The 2018 Retail Mobility Insights report revealed that 60 percent of respondents believe that their organization will likely face disruption from more innovative, nimble and customer-centric organizations. While many retailers believe their company embraces digital and mobile technology, 60 percent of respondents recognize that they are not investing quickly enough to keep pace with the speed of technology change and consumer expectations. The trends identified in the report highlight that retailers have been slow to realize mobile's potential and question their logistical capabilities in the countdown to the busiest sales cycle of the year.
"Despite a strong improving sales performance, retailers continue to feel overwhelmed by their infrastructure limitations, decision paralysis has further prevented them from realizing their omnichannel potential," said Mike Webster, Senior Vice President and General Manager of Oracle Retail. "Having a single view of customer, inventory and order is no longer optional for retailers to deliver their brand promise.
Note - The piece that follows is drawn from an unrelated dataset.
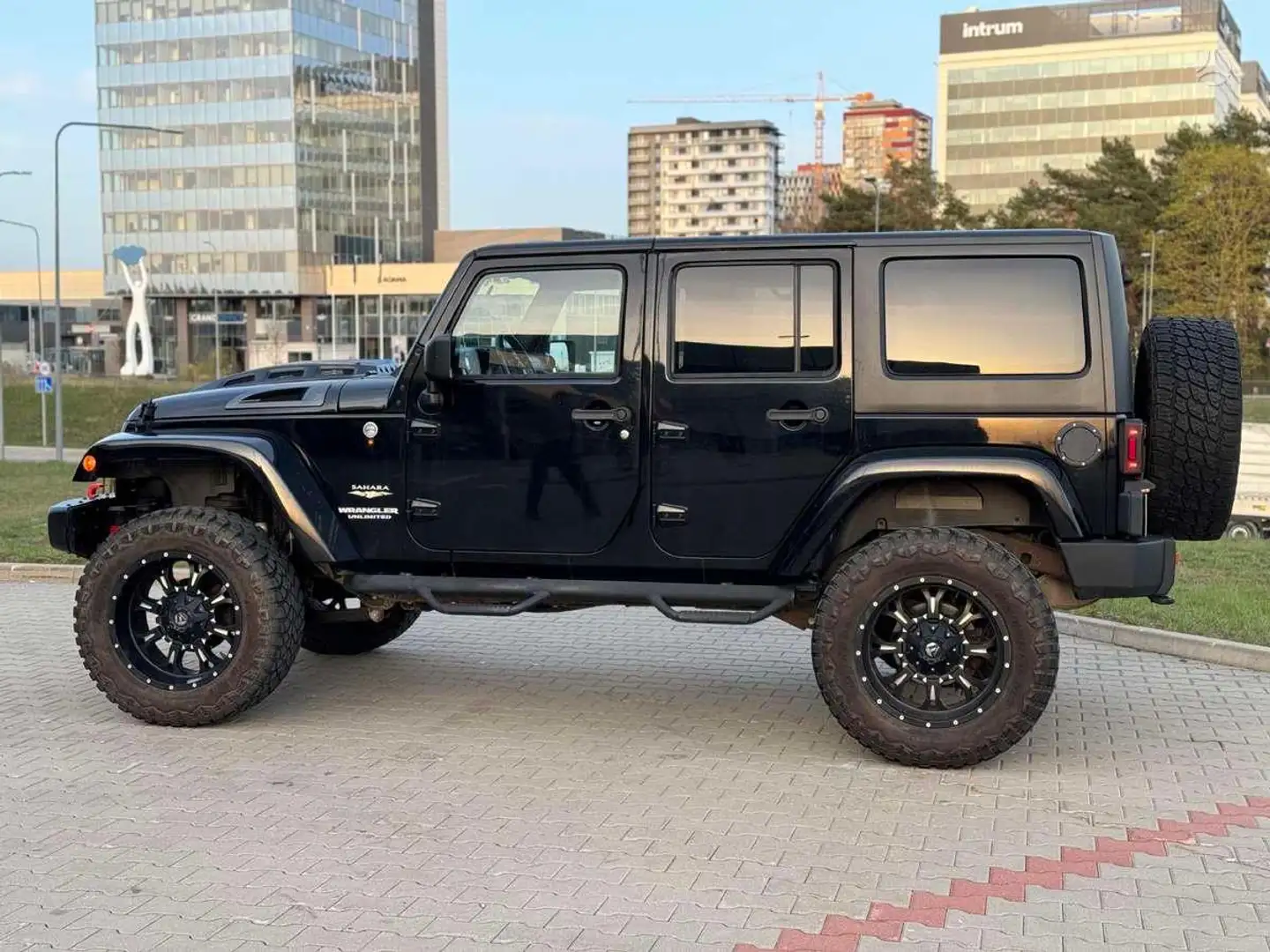 Jeep Wrangler Unlimited 3.6 V6 BLACK MAMBA - 2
Organizations that complete this journey first will create stronger relationships with customers, create space for new innovation projects and make more strategic decisions that maximize their growth."
In the study, retailers seem to have reached a general consensus on the role of mobile technology and the opportunity for capturing sales and removing friction from the purchase experience.
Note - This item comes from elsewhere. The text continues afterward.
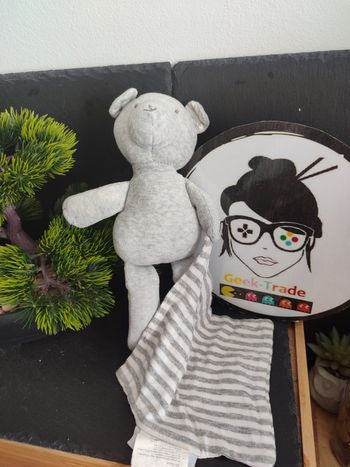 Doudou Peluche Ours Gris Cadet Rousselle Rayure Ourson mouchoir Blanc DD003380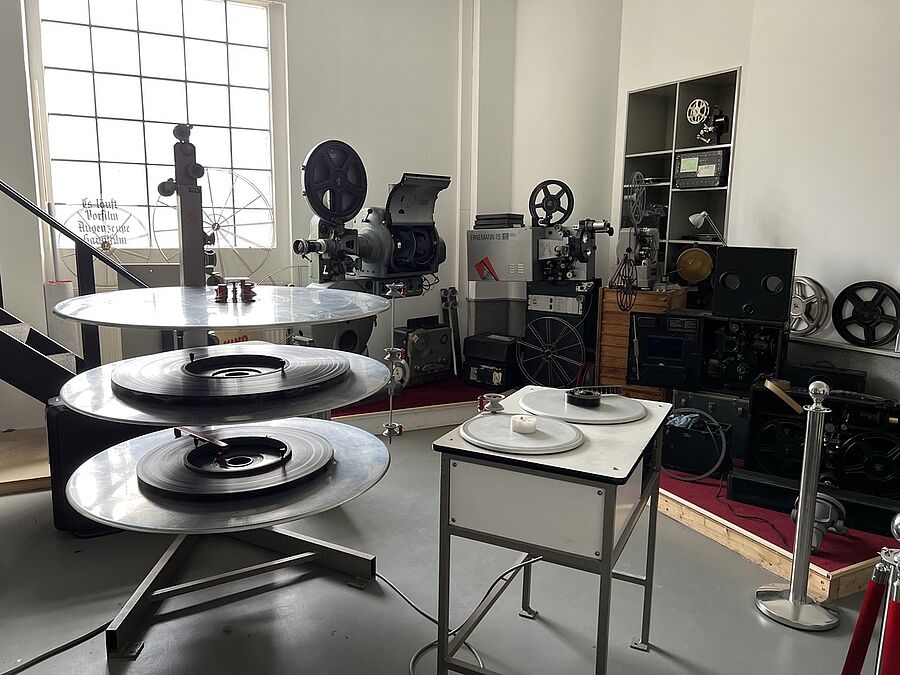 Projektoren in der Ausstellung des Filmmuseums Bendestorf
Conversion: Retailers affirm (47 agree) that their mobile strategy is to increase shopping basket size in store and online by catching customers at the point of intent.
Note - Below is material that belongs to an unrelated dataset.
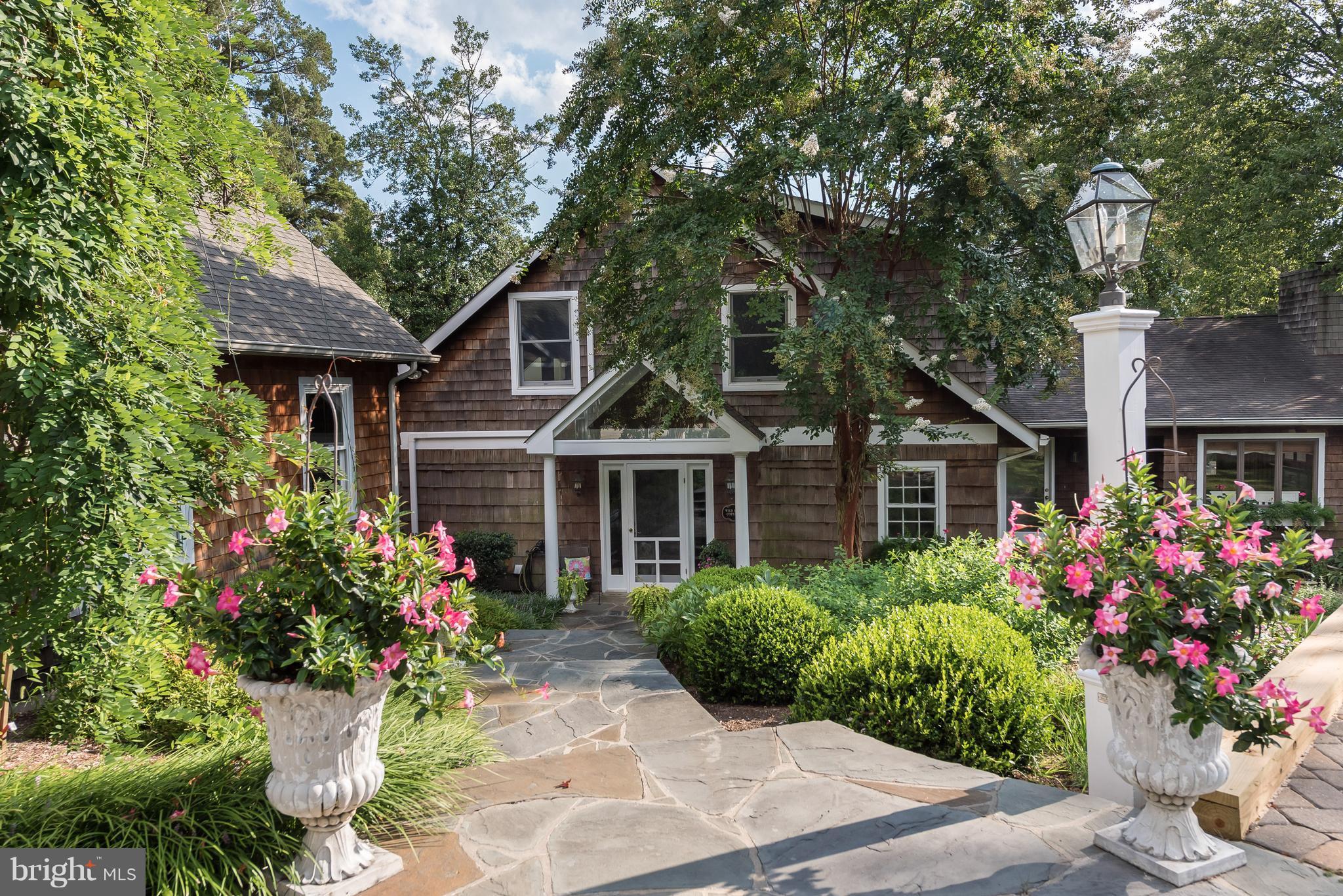 WILD ROSE SHORES - Residential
Productivity: Mobile also is impacting associate productivity, 45 percent of respondents note that they are empowering employees with mobile capabilities so they can perform their jobs regardless of where they are.
Payments: New payment options like contactless checkout, self-checkout and mobile payments are either in use today or part of roadmaps for most retailers (54 percent). Hardline retailers (less than 32 percent disagree) seem to be behind grocery and fashion brands (over 55 percent agree) in enabling these new payment options.
Brands large and small have recognized the tension between consumers' contradictory attitudes around privacy and their growing need for personalized engagement.
Discounts: New policies around data privacy have impacted retailers' growth potential, 62 percent believe that they may be leaving money on the table by offering general discounts to shoppers instead of tailored offerings.
Forecasting: Despite this most retailers, 77 percent believe that customers expect them to anticipate their needs by analyzing their loyalty, purchase history and brand interaction data.
Retailers have historically prioritized front-end aspects of the Omnichannel shopping experience and cobbled together backend infrastructure. Neglecting the merchandising, planning and supply chain aspects of Omnichannel retail prevents brands from being able to profitably execute, have clear visibility into their customers' journey and inform new digital experiences like augmented and virtual reality.
Consumer Journeys: Less than half (46 percent) of retailers believe they are well positioned to support an Omnichannel shopping experience with distribution centers to fulfill orders placed online or through mobile for delivery to any preferred destination.
Logistical Confidence: Increases with the size of retail organizations, 67 percent of respondents from organizations with more than $10B in sales and 52 percent of respondents from organizations with $1 to $10B in sales note this capability.
Growth: Conversely logistical doubt trends towards major growth milestones, only 38 percent of respondents from organizations with $250 to $500 million in sales and 30 percent of respondents from organizations with $750 million to $1 billion believe they are well positioned.
The Mobile Retail Insights report was conducted in 2018 among 258 retail professionals from Fashion, Grocery, Hardlines and Specialty brands. Respondents represent an international perspective with responsibilities across North American (35 percent), LAD (6 percent), European (14 percent), JAPAC (2 percent) and Global (40 percent) retailers. Fifty-four percent of respondents are from companies with greater than $500M in sales and 67 percent hold a Director level and above title. Fifty percent of the respondents represent IT, while the other half represents business executives.